There aren’t many names as laced with literary grandeur as the punk poet Patti Smith. The singer-songwriter was also a talented poet and a searing novelist and writer. Through her memoirs and poetry, she has painted a visceral picture of her life throughout the years. It means when Smith directs you to an author or a book which you may not have you should listen up.
We are digging into the Far Out vault to look back at one of those moments as Smith does her best to introduce us to Virginia Woolf and her blistering experimental novel The Waves with this reading fro 2008. With it, Smith brings the early 20th-century novel into the new millennium as she imbues it with a power and intensity that Smith brought to the stage with her no matter if she was holding a book or a microphone.
The reading was given as part of the opening for Patti Smith’s 2008 Paris exhibition where she showcased her art and photography as a way of chronicling her life between 1965-2007. It was a remarkable show and the reading Smith gave set the tone perfectly for the show and captivated the audience form the very beginning.
Smith chose to pick up the book and read a little passage from it as a nod of the head to the 67th anniversary of Woolf’s suicide.

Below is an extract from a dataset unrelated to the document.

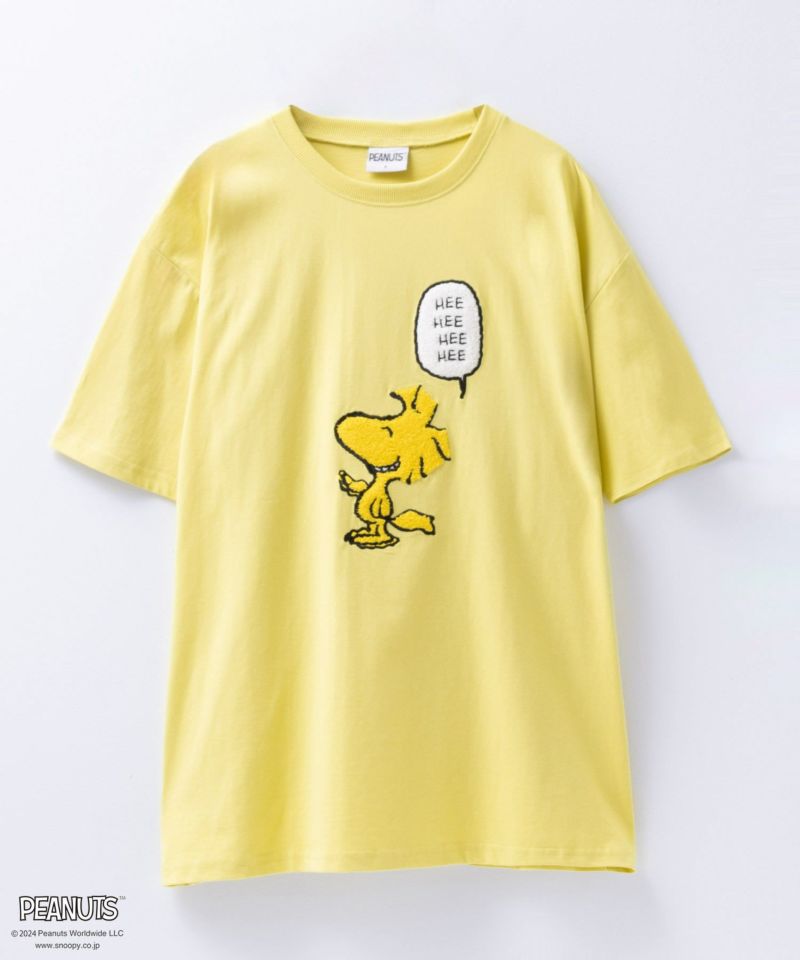 PEANUTS SNOOPY ゆるシルエットTシャツ レディース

Smith gives a punk rock rendition of the novel and turns the words into something one could easily imagine her singing and screaming down the mic at one of her shows.
The singer reads with a searing intensity that is backed up by a cinematic score from her daughter Jesse on the piano and her son, Jackson on guitar. It turns the novel into something far more dramatic—but Smith begins the reading by saying, “I believe that she made this decision consciously, it is what she needed to do as a human being, and so I do not think of this as sad.”
It’s an interesting reading as it sees Smith and Virginia Woolf’s voices mixed together, their words emboldening one another as two true feminists icons speak as one. While they have certainly experienced different lives and found different paths, there’s a unity to this reading which you won’t find in many other Woolf renditions. It smacks of authenticity that Smith brings to everything she does and the appreciation one imagines Woolf would have had for it.